そんな佐藤さんにまつわる秘密を、日本で圧倒的な権力を握ったとある一族の家系図や様々な豆知識から解き明かしていきましょう。
「藤」の字にまつわる名字の始まり
佐藤の由来を考える時にポイントとなるのは、この名字を「佐」と「藤」の2つに分解することが必要となります。そして「藤」の字を見ると、日本史が好きな方はある有名な一族のことを思い出さないでしょうか?
そう、1000年以上もの間権力の中枢にあった一大勢力の「藤原氏」です。
その始まりは、日本の一大政治改革の1つである「大化の改新」で中心的な役割を果たした、中臣鎌足です。
藤原氏の始祖「藤原鎌足」
大化の改新における中心人物であり、その後天智天皇の右腕としてその才能を発揮した彼は、天皇より「藤原」の姓を賜ります。

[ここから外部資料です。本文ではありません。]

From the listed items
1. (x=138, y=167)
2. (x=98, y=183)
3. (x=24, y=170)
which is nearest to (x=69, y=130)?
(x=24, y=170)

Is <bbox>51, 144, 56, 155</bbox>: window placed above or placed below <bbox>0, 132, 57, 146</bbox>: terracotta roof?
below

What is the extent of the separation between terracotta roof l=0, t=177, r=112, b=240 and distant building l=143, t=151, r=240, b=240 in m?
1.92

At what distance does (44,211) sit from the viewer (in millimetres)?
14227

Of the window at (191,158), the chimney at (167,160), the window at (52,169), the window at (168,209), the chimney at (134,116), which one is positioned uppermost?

ですが実は、彼がこれを受けたのは亡くなる前日のことなのです。
そのため、生きているときの彼の功績や歴史を語るときには「中臣鎌足」と呼び、藤原氏の始まりの存在として彼を語るときは「藤原鎌足」と呼びます。大化の改新は日本の歴史の基点でもあり、この藤原鎌足から始まる藤原氏は、源氏、平氏、橘氏と並んで「源平藤橘(げんぺいとうきつ)」と呼ばれ、多くの日本人のルーツである四大性の一つとなっています。つまり、藤原鎌足は、家系図作りやルーツ探しの世界では“超”有名人ということなのです。
藤原氏の家系図から見る「佐藤」の由来
さて、そんな藤原氏の始祖である藤原鎌足から、一族の家系はこんな風に紡がれていきます。

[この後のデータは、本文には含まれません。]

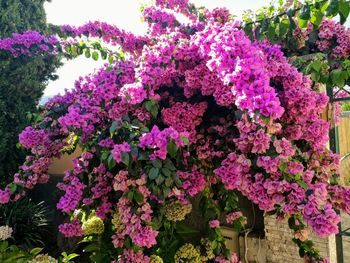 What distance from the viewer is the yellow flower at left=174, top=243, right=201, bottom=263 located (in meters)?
2.31

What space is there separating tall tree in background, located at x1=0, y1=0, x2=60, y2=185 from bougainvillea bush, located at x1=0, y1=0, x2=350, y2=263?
6.86 feet

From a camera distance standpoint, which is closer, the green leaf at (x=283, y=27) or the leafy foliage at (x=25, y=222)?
the green leaf at (x=283, y=27)

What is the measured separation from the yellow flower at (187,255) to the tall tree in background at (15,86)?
293 cm

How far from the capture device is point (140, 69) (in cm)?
194

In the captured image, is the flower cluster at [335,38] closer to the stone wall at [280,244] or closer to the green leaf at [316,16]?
the green leaf at [316,16]

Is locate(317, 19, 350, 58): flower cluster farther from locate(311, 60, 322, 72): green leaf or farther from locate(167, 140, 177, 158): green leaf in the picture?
locate(167, 140, 177, 158): green leaf

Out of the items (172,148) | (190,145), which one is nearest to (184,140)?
(172,148)

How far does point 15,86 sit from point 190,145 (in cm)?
340

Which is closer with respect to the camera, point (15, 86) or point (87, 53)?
point (87, 53)

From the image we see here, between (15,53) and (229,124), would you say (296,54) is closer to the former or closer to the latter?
(229,124)

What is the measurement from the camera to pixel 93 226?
2375 millimetres

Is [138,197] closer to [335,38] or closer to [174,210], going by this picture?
[174,210]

ちなみに藤原氏を家系に起こそうとすると、その量は非常に膨大になってしまいます。なので、今回は「佐藤」に関係する家系だけを抜き出してみます。
最後に登場する「藤原公清」という方が今回の話の真相になるわけですが、系図の真ん中にいる「藤原秀郷」という方も馴染みのある有名人です。
彼は別名「俵藤太」という名乗りを持っています。そう、あの有名な伝説「百足退治」の主人公でもあるんですね。また彼は平将門を討った人物としてもとても有名です。
佐藤の始まりと言われている「藤原公清」
いきなりその出自を出してしまいましたが、この「藤原公清」こそが、佐藤氏の始まりであるというのが定説です。ですがそんな彼が佐藤氏の始まりという考えにも、さらに3つの説があるとされています。
佐藤氏の説その1:左衛門尉説
藤原公清は、その生涯で「左衛門尉」という重要な役職に任命されています。そこで、役職の「左」の字を取り「佐藤」と名乗るようになった。
佐藤氏の説その2:下野国佐野という地名説
藤原公清が下野国(今の栃木県あたり)の佐野という場所に住んでいたことから、「佐野の藤原氏」ということで「佐藤」を名乗るようになった。
佐藤氏の説その3:佐渡の藤原氏
藤原公清が佐渡(新潟県)の国司の職にあったことから、「佐渡の藤原氏」ということで「佐藤」を名乗ることとなった。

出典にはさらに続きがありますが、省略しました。